Fiduciary Standard Offers Investors Clearer Guidance on Choosing Reliable Financial Advisors
Picking a financial advisor is a lot like choosing someone to watch your dog while you’re on vacation—you want to know they’ll do what’s best for your furry friend, not just what’s easy for them. When it comes to your money, it’s just as important to know who you can trust to give advice that truly benefits you.
Why Fiduciary Matters for Investors
For investors, knowing if your advisor is a fiduciary is a big deal. A fiduciary is someone who, by law, must put your interests first when giving financial advice or handling your money. Not all financial professionals have this duty—some only have to make “suitable” recommendations, which means their advice just has to be okay, not the absolute best for you.
This difference can really affect your portfolio. If your advisor isn’t a fiduciary, you might end up with expensive investments or products that help them earn more money but aren’t right for you. According to a 2015 White House study, conflicted financial advice costs Americans about $17 billion a year in retirement savings alone.
Bull Case: The Benefits of Fiduciary Advisors
- Alignment: Fiduciaries are legally required to act in your best interest, so you can feel confident their advice is meant for you, not for their own gain.
- Transparency: They must tell you about any conflicts of interest, including how they get paid and if they receive commissions.
- Lower Costs: Fiduciaries are less likely to push high-fee products, which can save you thousands over time.
- Trust: The word “fiduciary” comes from the Latin for “trust.” You know the advice is for your benefit, not driven by hidden sales goals.

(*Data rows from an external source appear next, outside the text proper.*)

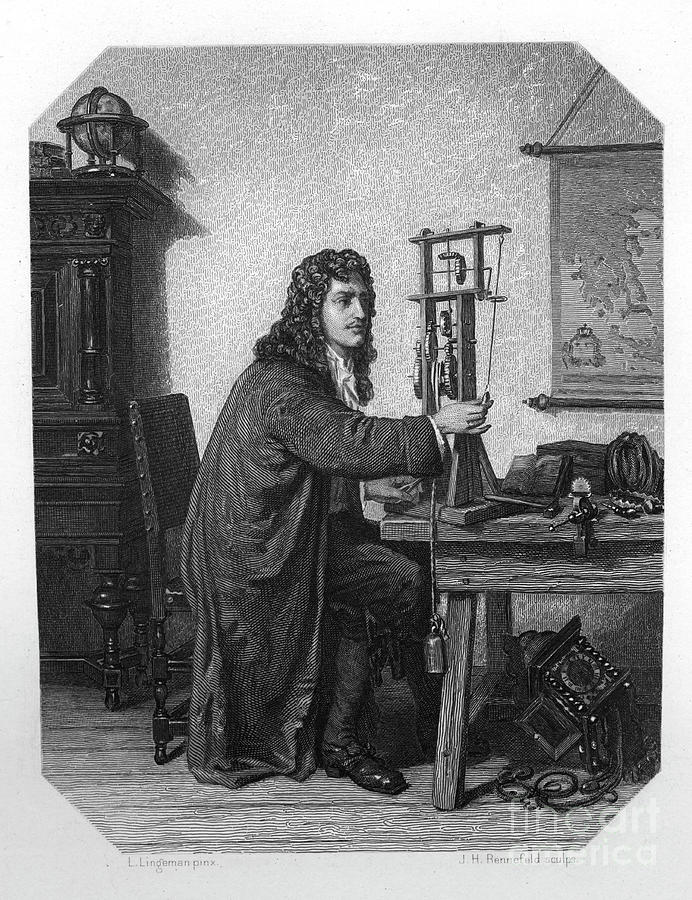 Christiaan Huygens, 17th Century Dutch Drawing by Print Collector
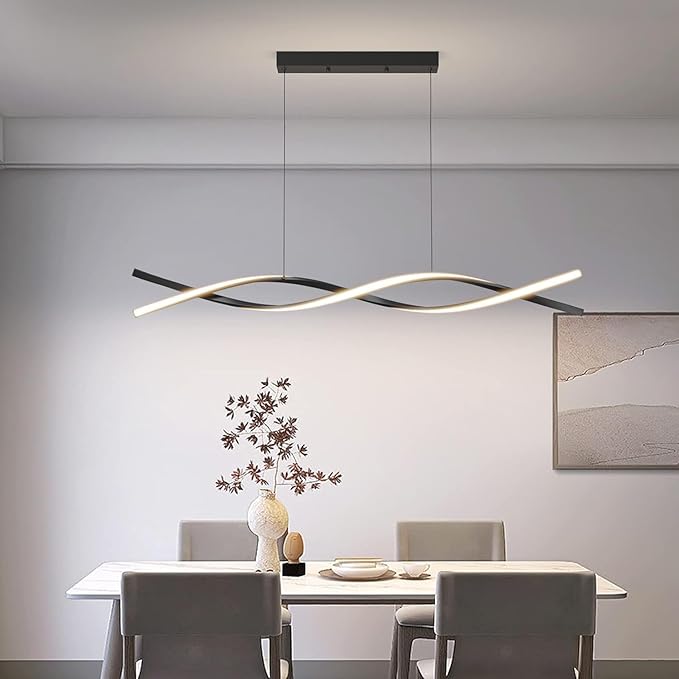 Modern Ceiling Chandelier Light, Acrylic Anti Flicker Pendant Lamp with Remote Control Dimmable 3 Color Mode & Brightness (Warm Cool Neutral Light) for Kitchen Bar Walnut-Ruum Studio Home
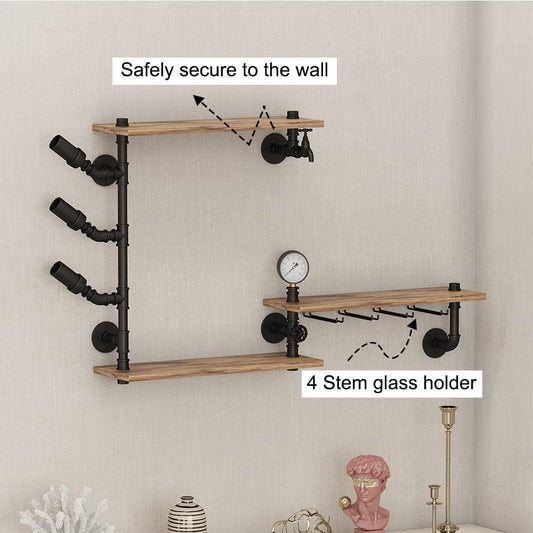 3 Tier Industrial Wall Wine Rack, 46in Floating Bar Liquor Shelves with 4 Stem Glass Holder, Pipe Shelf Shelving Wine Glass Rack, Wine Rack Wall Mounted Living Room Kitchen Decor, Black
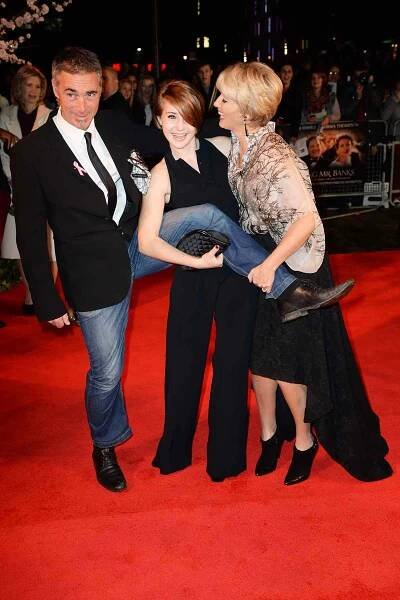 Greg Wise, Gaia Romilly Wise and Emma Thompson attend the Closing Night Gala European Premiere of 'Saving Mr Banks' on the closing night gala during the 57th BFI London Film Festival at The Odeon Leicester Square on October 20, 2013 in London, England. 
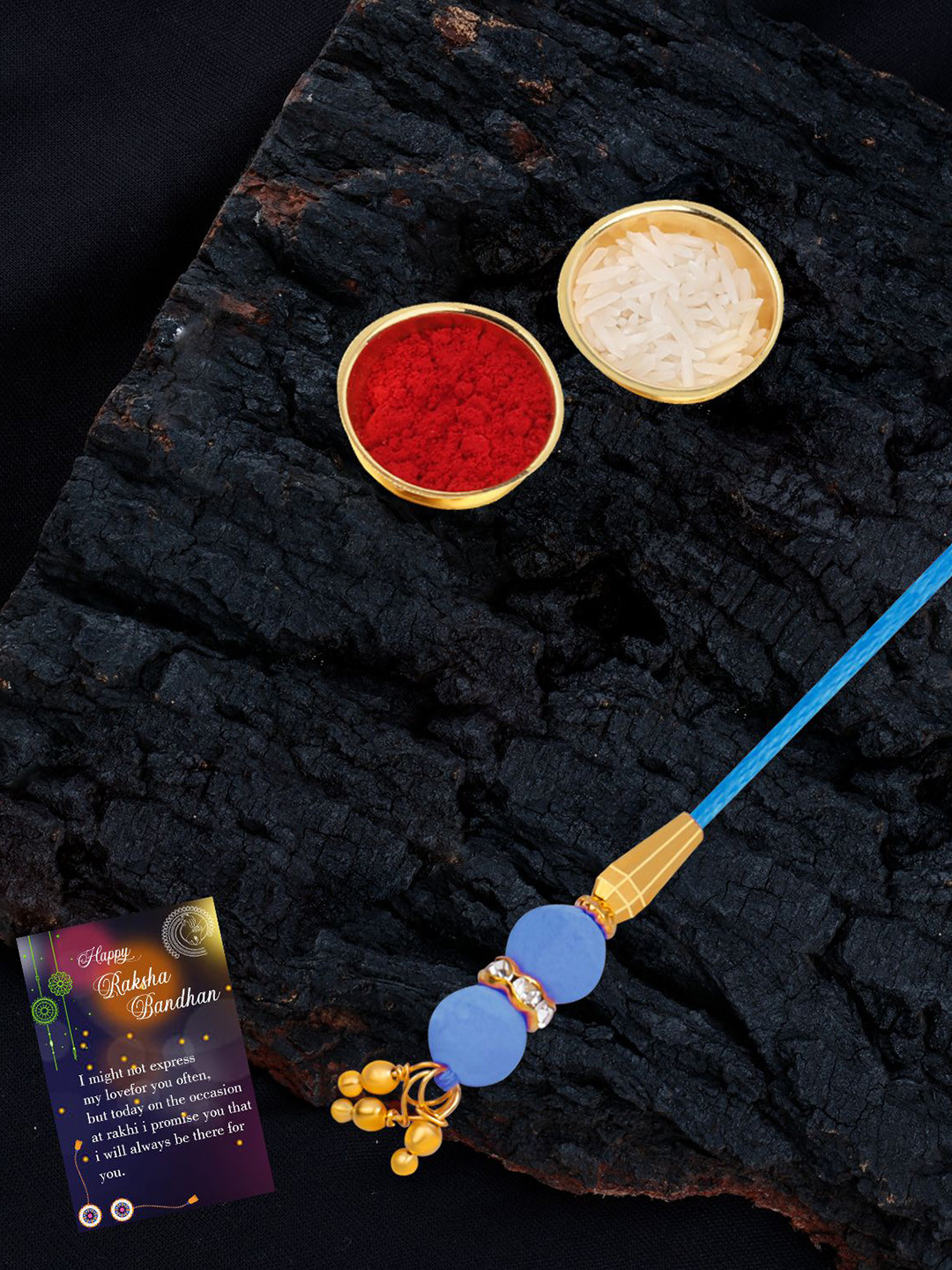 

Silver Shine Set Of 2 Rakhi With Roli Chawal Greeting Card & Pooja Thali, Multi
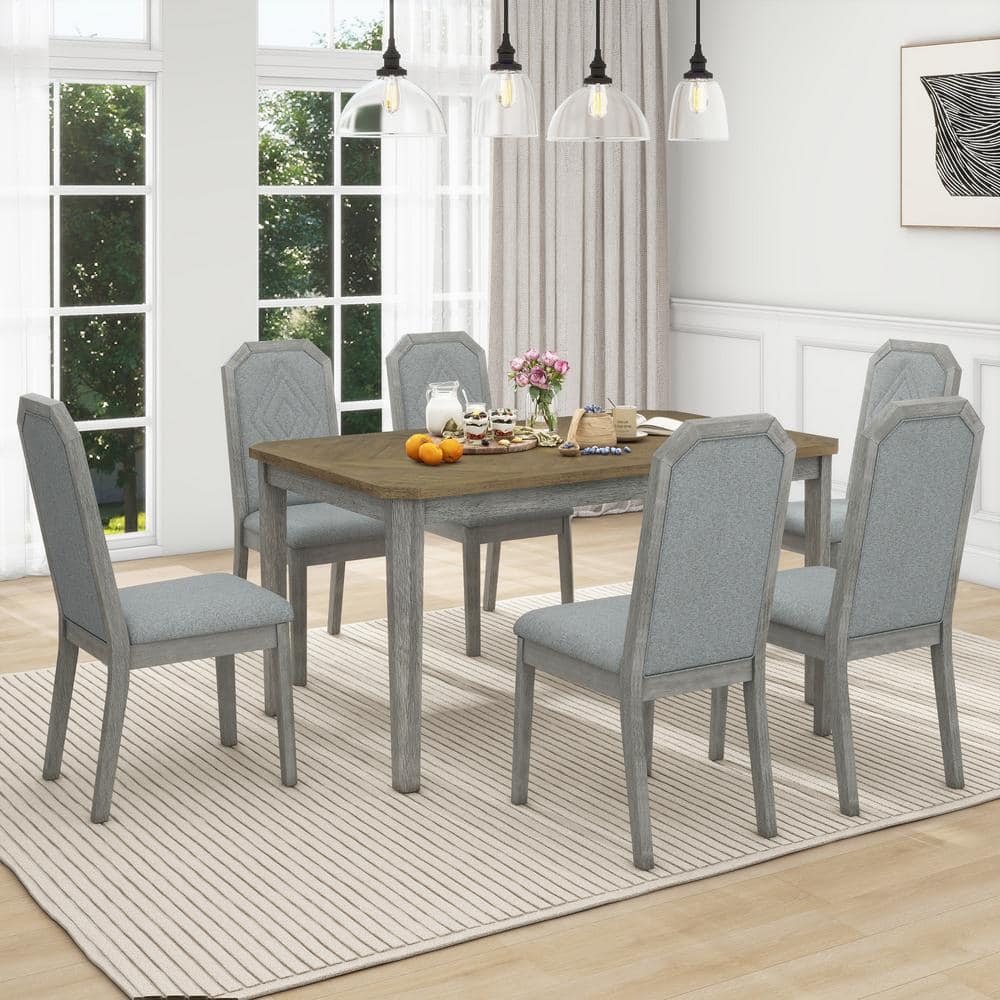 Qualler 7 Piece Rectangle Brown and Gray MDF Top Dining Room Set with 6 Upholstered Chairs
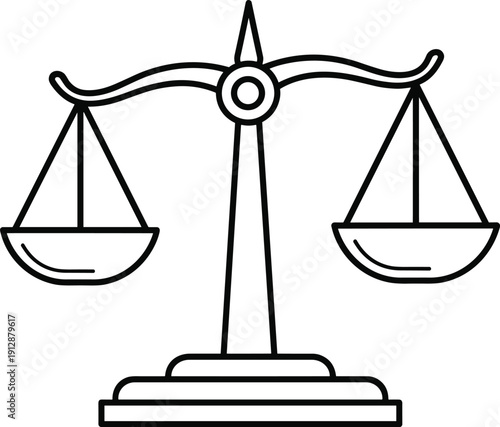 Justice scales balance icon symbolizing law fairness equality and legal judgment isolated on white background minimal outline illustration for court ethics concept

Bear Case: The Challenges and Limitations
- Not All Are Fiduciaries: Many financial advisors do not have to follow the fiduciary standard at all times. Some only act as fiduciaries when giving specific advice.
- Conflicts Still Exist: Even fiduciaries can have conflicts, but the key is they must tell you about them and put your interests first.
- Potential for Bad Actors: Just because someone says they’re a fiduciary doesn’t mean they’re always trustworthy. It’s important to do your homework.
- Regulation Gaps: Attempts to require more advisors to act as fiduciaries have faced pushback and haven’t become law. It’s up to you to ask the right questions.
How to Find a Fiduciary Advisor
If you want to make sure your advisor is a fiduciary, here are a few steps you can take:
- Use the SEC’s Investment Adviser Public Disclosure site to look up an advisor’s Form ADV. This form shows how they are paid and if they are registered as a fiduciary.
- Check professional groups like the CFP Board or NAPFA for certified, fee-only fiduciary advisors.
- Ask directly: “Are you a fiduciary 100% of the time?” Get their answer in writing if possible.
- Make sure you understand how much you are paying, what you’re paying for, and if the advisor is delivering on their promises.
Remember, a fee-only advisor is paid only by you—not by commissions from selling products. This reduces the chance of biased advice.
Investor Takeaway
- Always ask if your advisor is a fiduciary and get the answer in writing.
- Check their background using official resources like the SEC’s database and professional organizations.
- Be clear on fees—know exactly how your advisor is paid and what services you get.
- Stay alert for red flags, like unclear answers or pressure to buy certain products.
- Remember, trust is earned. Even with a fiduciary, keep asking questions and make sure the advice you get truly matches your goals.